== Goal of the exercise ==
Everything in the records below except the pictures must be written out exactly.

== Task input ==
+ + + + + + +
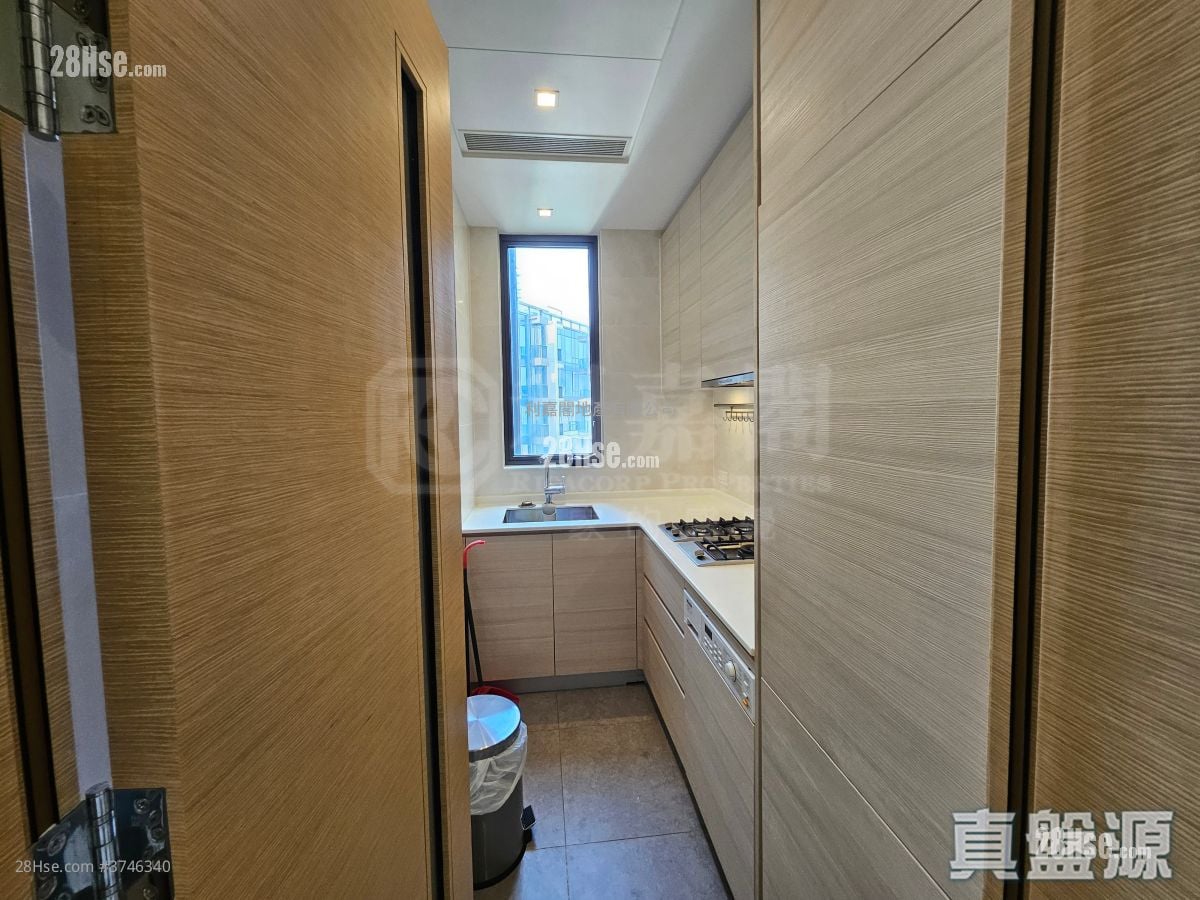 Mantin Heights Sell 2 Bedrooms , 1 Bathroom 689 ft²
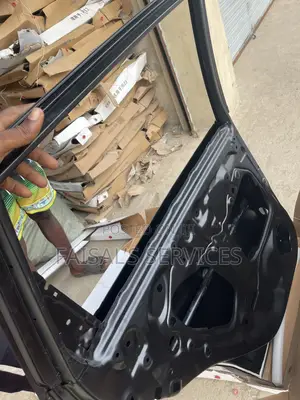 Honda CR-v 23 Back Door.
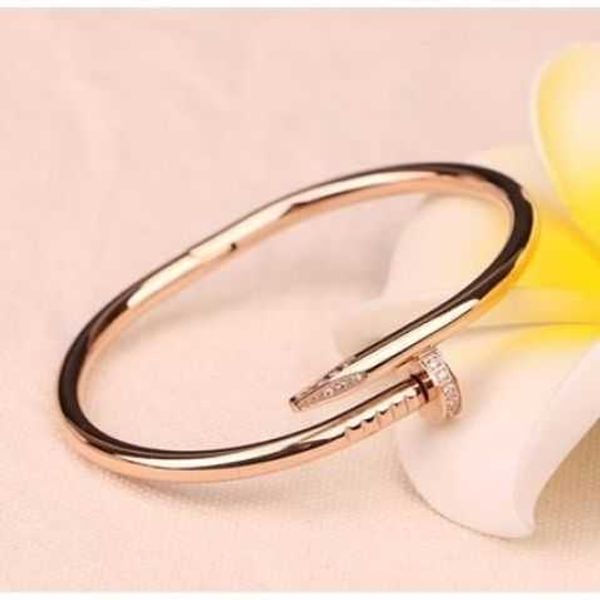 designer bracelet carti bangle jewelry bracelet men's and women's titanium steel gold diamond inlaid simple personality korean ver, Black
designer bracelet carti bangle jewelry bracelet men's and women's titanium steel gold diamond inlaid simple personality korean ver, Black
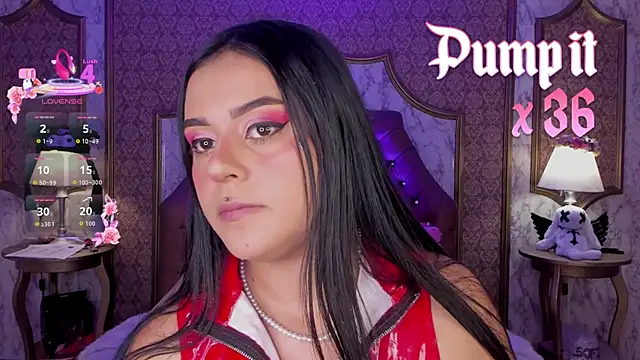 SoffiQueen online show from 04-28-26, 02:22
+ + + + + + +
== The answer ==
 Mantin Heights Sell 2 Bedrooms , 1 Bathroom 689 ft²
 Honda CR-v 23 Back Door.
 designer bracelet carti bangle jewelry bracelet men's and women's titanium steel gold diamond inlaid simple personality korean ver, Black
designer bracelet carti bangle jewelry bracelet men's and women's titanium steel gold diamond inlaid simple personality korean ver, Black
 SoffiQueen online show from 04-28-26, 02:22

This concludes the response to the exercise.